Let's do some math: If there are 16 tablespoons in one cup, this means you’re actually consuming 560 calories, 40g fat, and 1,040mg sodium. Add pita bread or chips into the mix and the numbers become even more troublesome. For these reasons, it’s important to be mindful about how much hummus you’re eating, especially if you’re trying to lose weight.
The Verdict on Hummus
Hummus is a nutrient-dense spread that can be part of a healthy diet, but it's actually easy to overdo. Like just about anything we eat, moderation is key. But given that you’re likely to surpass the minuscule serving size, what can you do to make hummus a little bit healthier? Try these simple tricks:
Be wary of mindless dipping.
We’ve all committed this hummus crime, which is most likely to happen if you’re consuming it from a large container. Pre-portioning your hummus into smaller containers can help with smarter snacking. Also, try to serve hummus with crudité veggies like sliced carrots, cucumbers, or radishes as opposed to pita chips, to keep your calorie intake at a minimum.
Make your hummus from scratch.
While several quality hummus brands exist, why not try making it from scratch? Homemade hummus is extremely easy to make, and it also gives you more control over factors like sodium (you can, for instance, use "no salt added" chickpeas, and then garnish with a fancy salt to get more flavor with less sodium).
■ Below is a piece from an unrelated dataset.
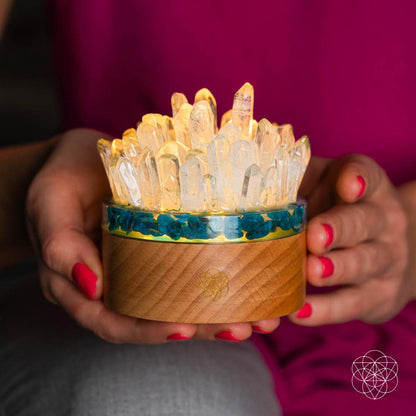 Find My Voice - Quartz & Apatite Lamp of Blooming Confidence - A-1 Thread Vault
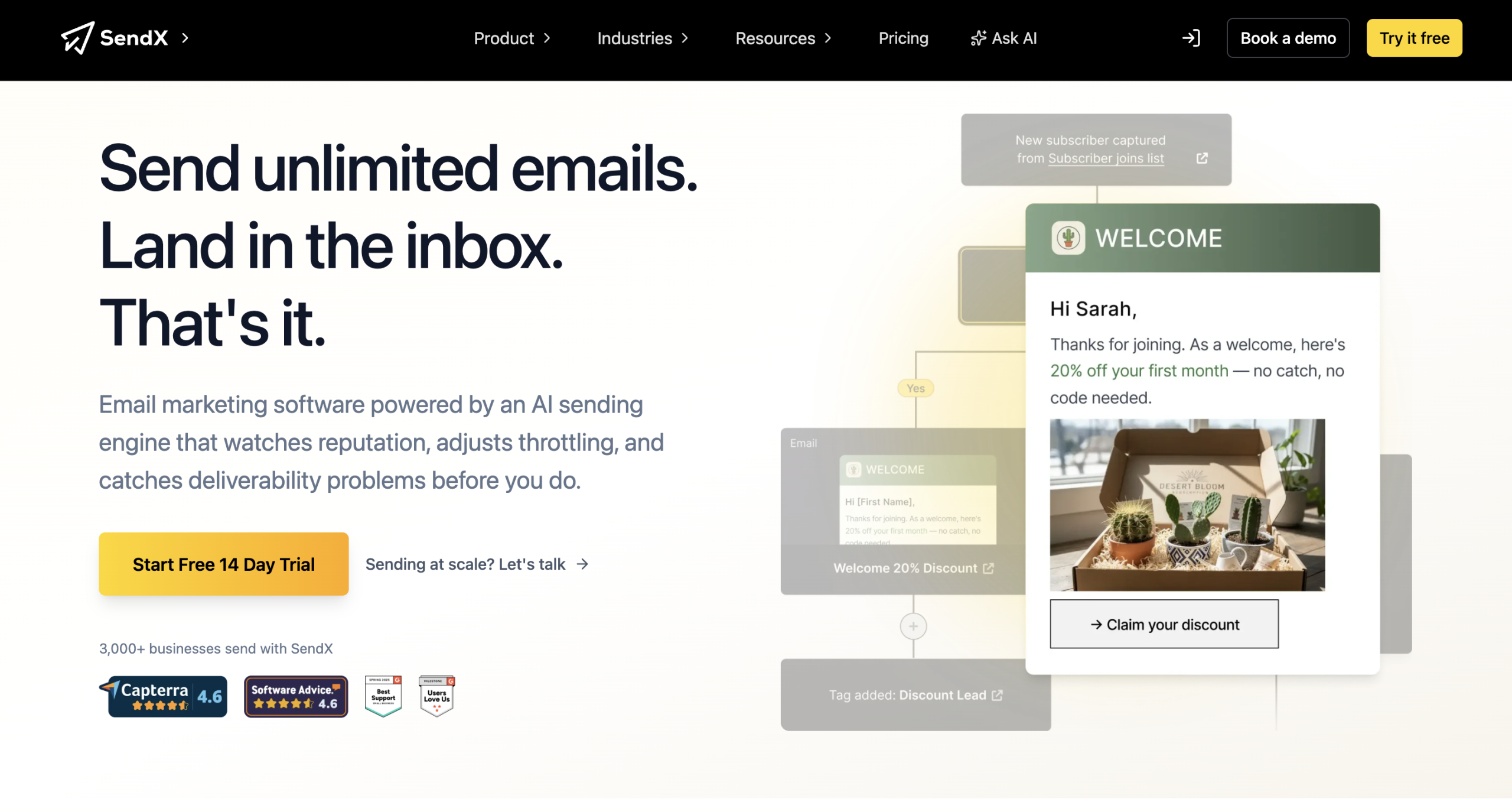 SendX homepage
You’ll also avoid artificial ingredients that lurk in store-bought varieties like preservatives and emulsifiers. Try these easy hummus recipes to get started.
Try an alternative hummus.
Who says that hummus has to be made from chickpeas? While purists may stage a mutiny, there’s a plethora of delicious plant-based hummus alternatives out there made from ingredients like sweet potatoes, beets, edamame, black beans, and more. It may be worth exploring these hummus alternatives to see if they are a better fit for your nutrition needs.